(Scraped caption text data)
=======

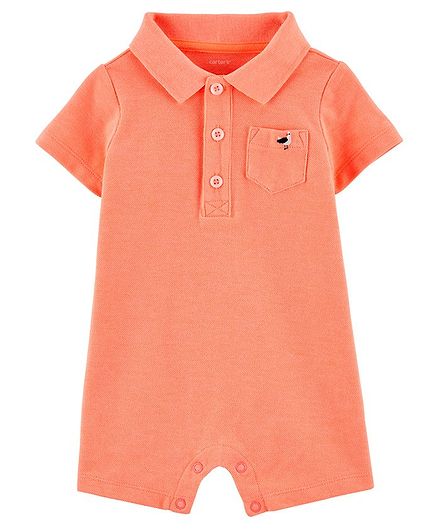 Carter's Neon Piqué Polo Romper - Orange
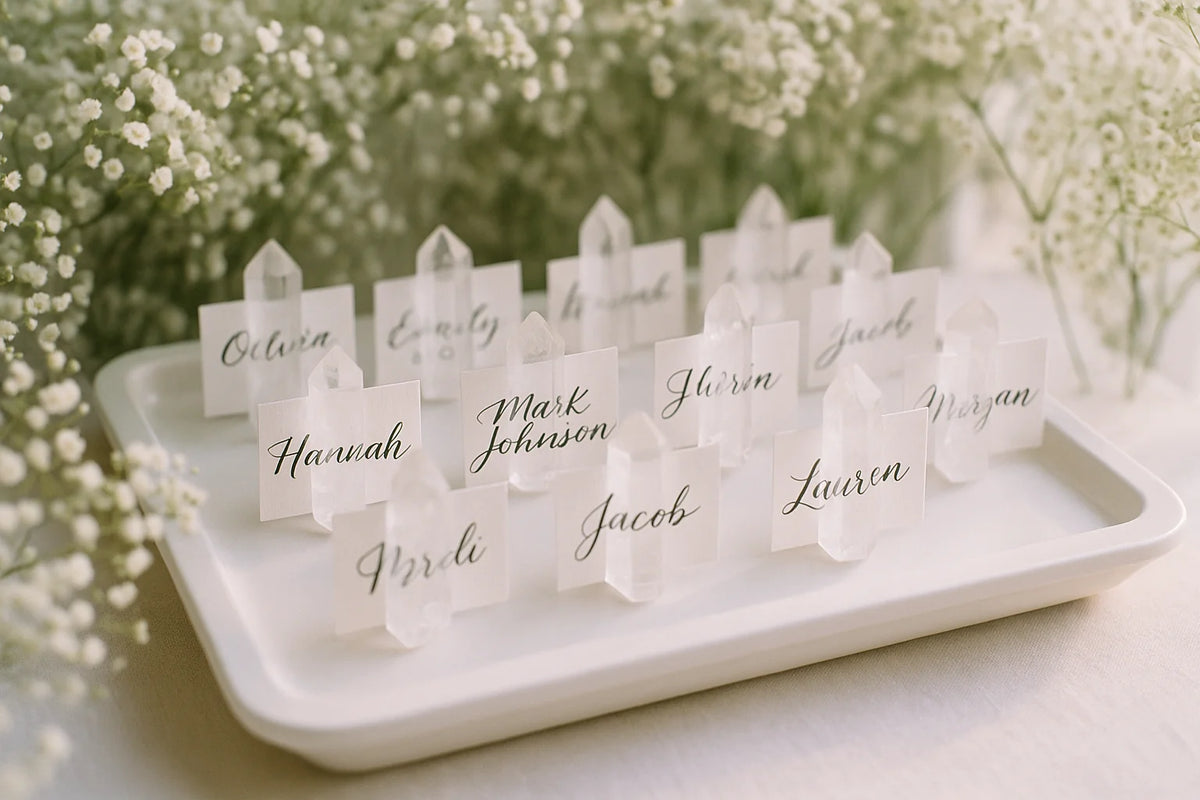 Sitzordnung mit Kristallmarkern – Eleganz, Ordnung & Symbolik auf Hochzeiten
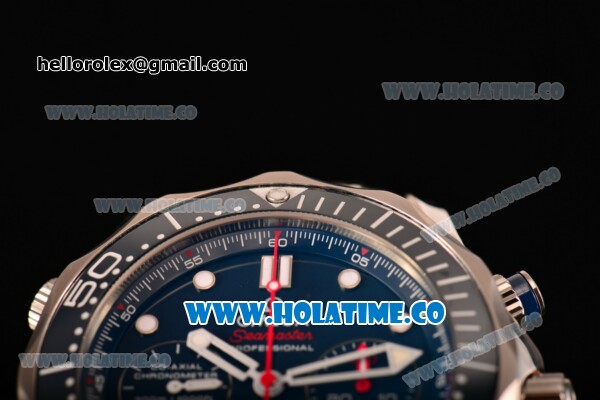 Omega Seamaster Diver 300M Co-Axial Chronogrpah Swiss Valjoux 7750 Automatic Steel Case/Bracelet with Blue Dial and White Dot Markers (BP) - Click Image to Close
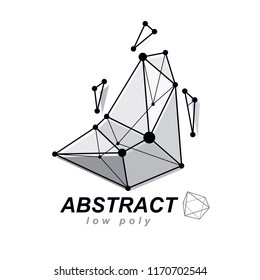 Vector abstract 3d geometric shape, polygonal figure. Technology corporate emblem.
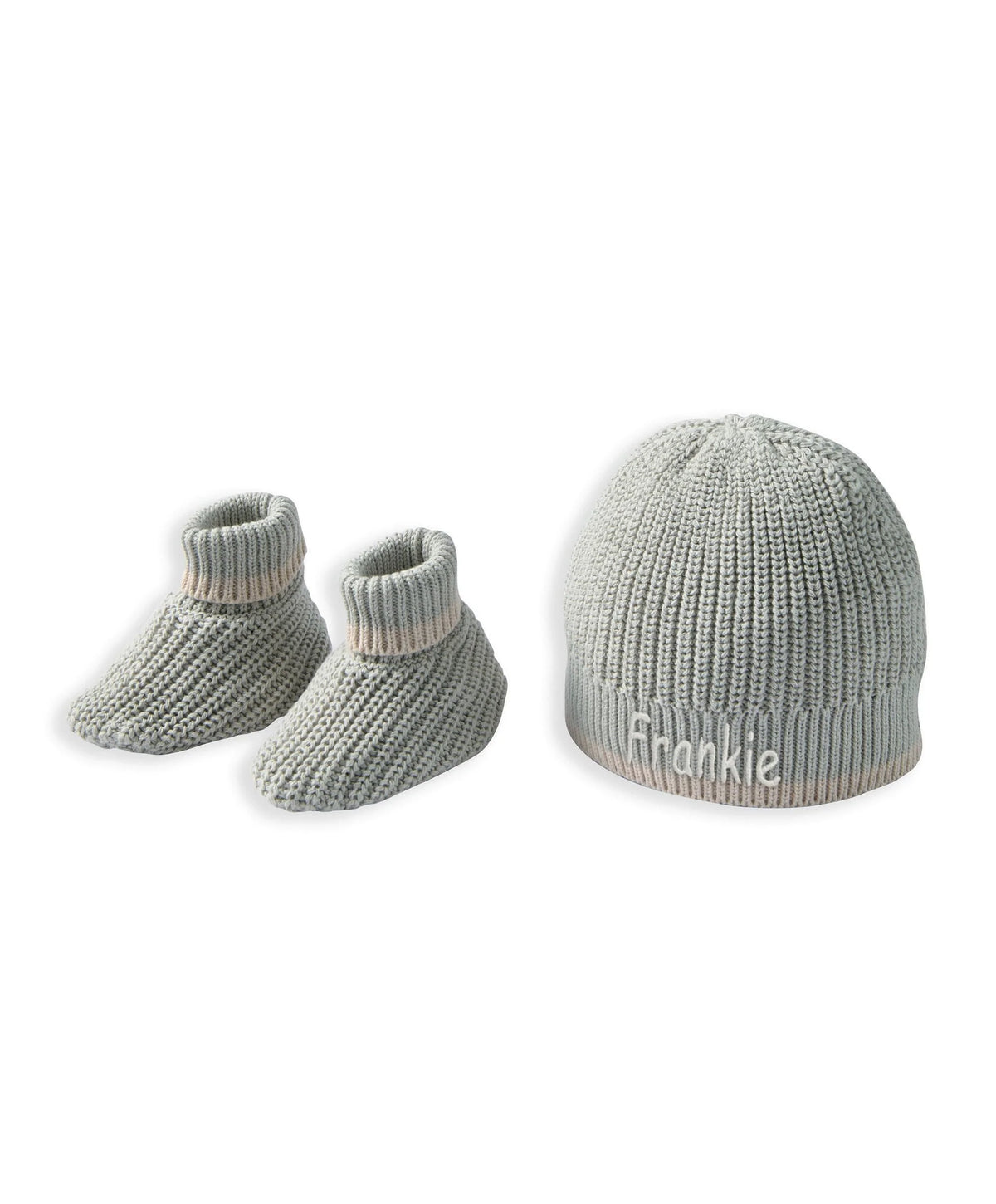 Gray knitted baby beanie with ribbed brim and matching knit booties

=======

▸ WHAT NEEDS TO BE DONE
Each record above should come back exactly the same, only without its pictures.

▸ WORKED SOLUTION
 Carter's Neon Piqué Polo Romper - Orange
 Sitzordnung mit Kristallmarkern – Eleganz, Ordnung & Symbolik auf Hochzeiten
 Omega Seamaster Diver 300M Co-Axial Chronogrpah Swiss Valjoux 7750 Automatic Steel Case/Bracelet with Blue Dial and White Dot Markers (BP) - Click Image to Close
 Vector abstract 3d geometric shape, polygonal figure. Technology corporate emblem.
 Gray knitted baby beanie with ribbed brim and matching knit booties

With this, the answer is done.